### What the task asks
Omit every picture and return the rest of the data unaltered.

### Supplied information
== Segment start ==
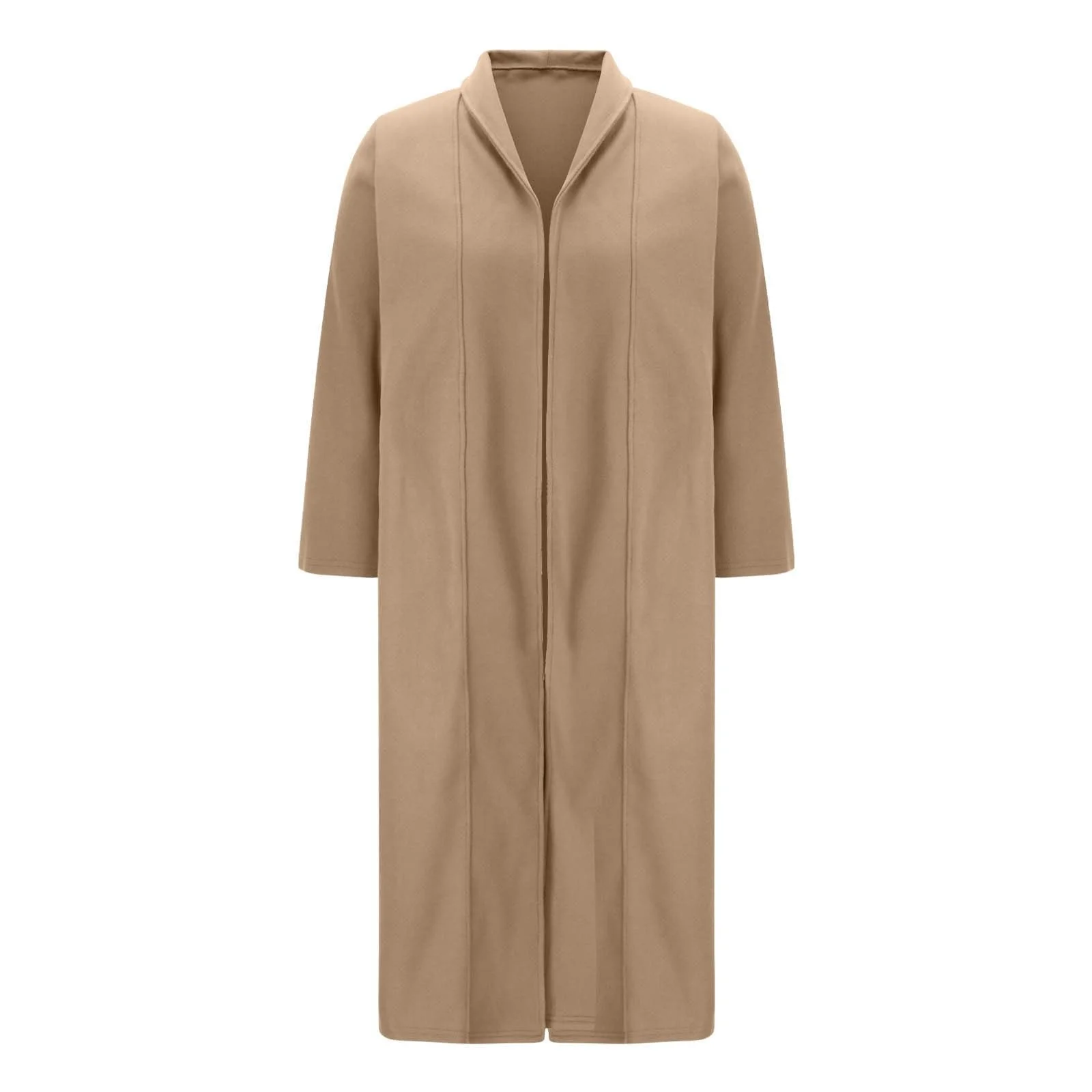 Пальто Женское Однотонное Модное Отложной воротник, фото №5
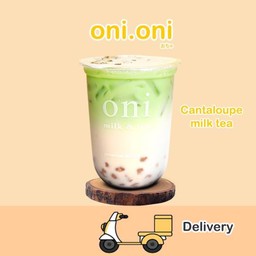 Cantaloupe milk tea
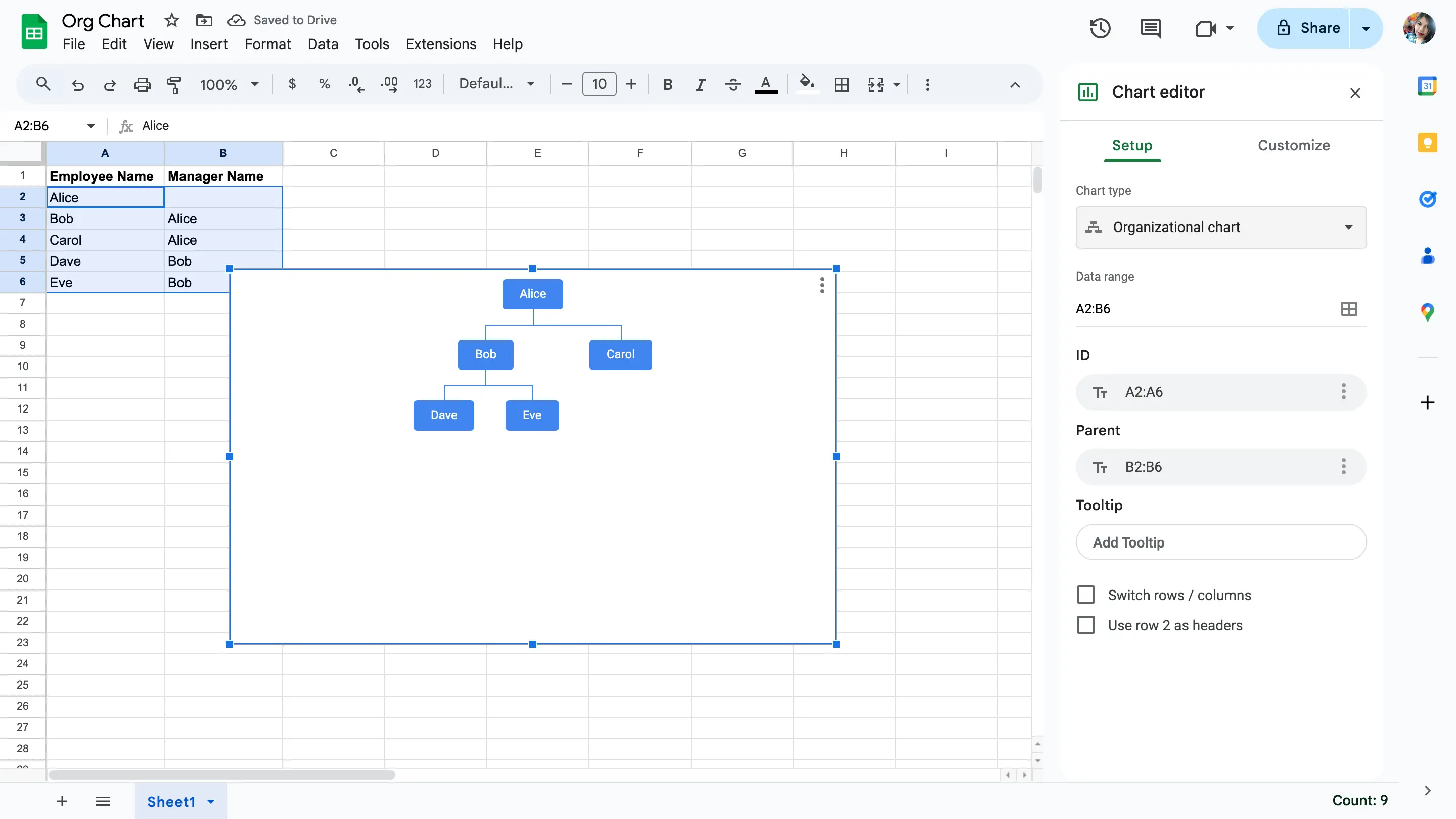 Generate a basic org chart - how to make an org chart in google sheets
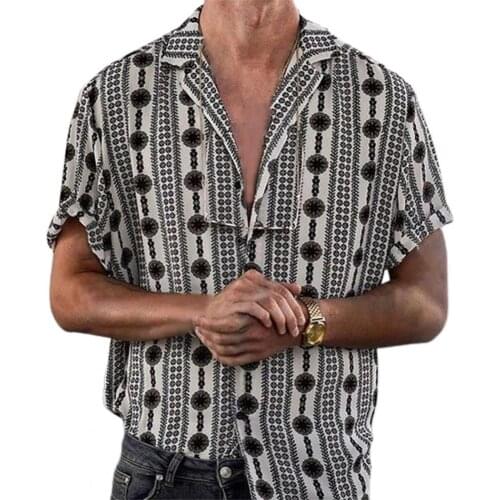 Casual Men Blouses Shirt Vintage Dot Print Top 2021 Turn-down Collar Short Sleeve Loose Button Male Cardigan Shirt Summer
== Segment end ==
### Written solution
 Пальто Женское Однотонное Модное Отложной воротник, фото №5
 Cantaloupe milk tea
 Generate a basic org chart - how to make an org chart in google sheets
 Casual Men Blouses Shirt Vintage Dot Print Top 2021 Turn-down Collar Short Sleeve Loose Button Male Cardigan Shirt Summer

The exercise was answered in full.